EĞİTİM
MEB’in HAYMATLOSLARI
GAZETEKAMU / ÖZEL HABER
Ak Parti’nin iktidara geldiği gün valizini toplayan ve ne zaman beni görevden alırlar diyen bürokratlar geçmişi saymazsak iktidar zamanında 12. yılına bastı. Kendileri bile bu kadar uzun süre görevde kalacaklarına inanamamışlardı. Her iktidar döneminde “hükümet kurulsa da bizim de partimiz belli olsa” diyen bu bürokratlar, en uzun soluklu yolculuğu şu anki hükümet zamanında yaptılar. Diledikleri gibi keyif çattılar. Eğitime ve okula ne kattıkları konusuna girmeye gerek yok sanırım.
“Bu adamın genel müdürlük yaptığı yerde ben müsteşarlık yaparım. Bu adamın İl müdürlüğü yaptığı yerde ben genel müdürlük yaparım. Bu adamın ilçe müdürlüğü yaptığı yerde ben il müdürlüğü yaparım. Bu sözlerimde samimiyim. Şaka yapmıyorum her türlü bahse girerim” cümlelerini duymayanımız yoktur sanırım. Öğretmene ilk görüşte bu özgüveni kazandıran bürokratların çokluğu ile bilinen Milli Eğitim Bakanlığı, hükümetin 12. yılında bürokratik açıdan mevcut durumunu gözden geçirmeye karar verdi.
Bir iktidar kendi sancısını yaşayan bürokratları yakaladığında mesafe alır. Eğer bunu başaramazsa başkasının bürokratlarının ayak oyunları karşısındaki aczi yetini sloganlaştırarak bürokratik oligarşiyi ya da bürokratik barikatı bahane ederek şikayetlenir durur.

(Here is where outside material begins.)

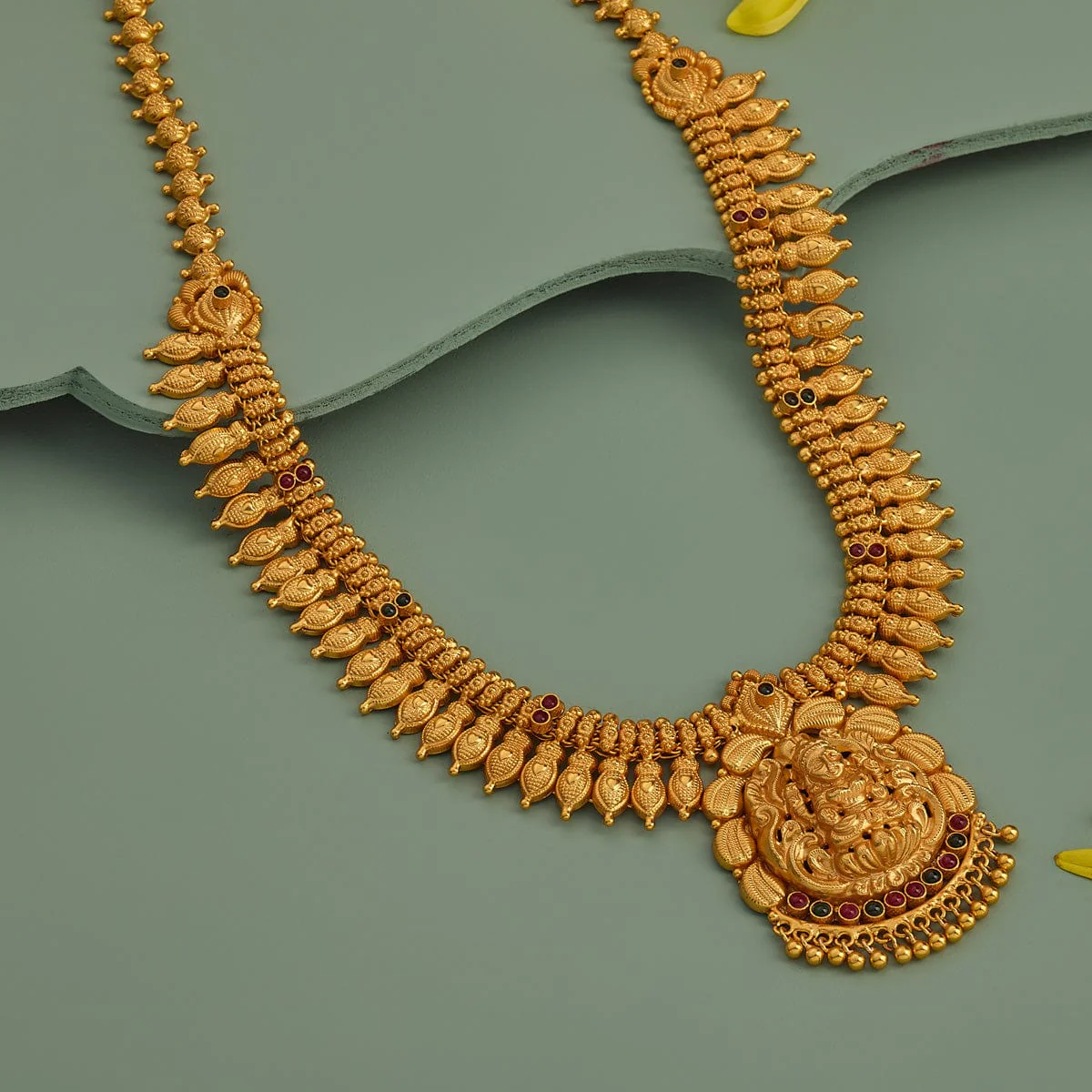 Silver Temple Necklace 181596 - Image 2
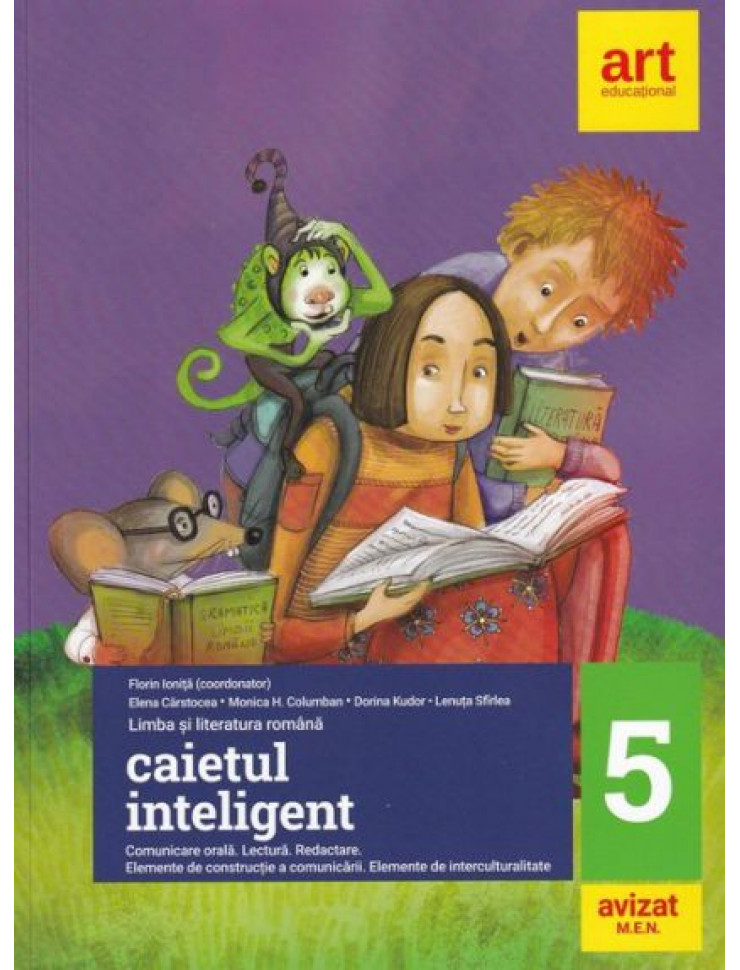 Caietul Inteligent - Clasa a 5-a (Sem. 1 & 2)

Ne başkasına ait bürokratlar ne de hiç bir yere ait olmayan ya da her yere ait olan haymatloslarla mesafe alınamayacağını anlamak için 12 yıl geçirmeye gerek yoktu. Gezi olaylarında ve benzeri kalkışmalarda okulları politize eden öğretmenlere çanak tutan müdürler ve onlara; “görmedim-duymadım-bilmiyorum” tavrı içerisinde olan üst yöneticiler; bu hallerini CHP, MHP ya da her hangi bir partinin iktidarı zamanında sergileyebilirler miydi? Bu soruya ‘evet sergileyebilirlerdi’ diye cevap verebilen varsa peşinen devamında ne olacağını da söylemelidirler.
Milli Eğitim Bakanlığı ilk yapacağı şeyi 12 yıl sonra yapmak zorunda kaldı anlaşılan. Zorunda kaldı diyorum çünkü bir arpa boyu yol alınamayan ya da eğitim açısından rutini tekrar eden o kadar yerleşim birimi var ki. Haymatloslar ya da “Bu seçimde geliyoruz gardaş” diyenler sadece Hindistan’daki gibi yola yattılar. Mevcut mevzuatları kutsallaştıran ve akşam sabah mevzuat okuyanlar, ne halkı, ne okulu, ne öğrenciyi ne de öğretmeni okuyabildiler.
Milli Eğitim Bakanlığı’nda okul müdürleri rotasyonu sonrası konuşulan “ Adam hiçbir şey yapmamış, biz de dışardan bakınca bu adamların da işi hakikaten zor diye düşünüyorduk. Bunlar kıymeti kendinden makul kişiler. Ne yapılıyorsa sınıflarda öğretmenlerce yapılıyor. Gördüğüm tabloyu anlatsam hayret edersin!” tarzı cümleler duyulmaya başlandı. Bu günlerde kendini vazgeçilmez sanan birçok bürokrattan vazgeçiliyor.
Nereye gideceğini bilmeyen gemiye hiçbir rüzgârın yardım edemeyeceği anlaşılmış olacak ki; Milli Eğitim’de haymatloslar dönemi kapanıyor.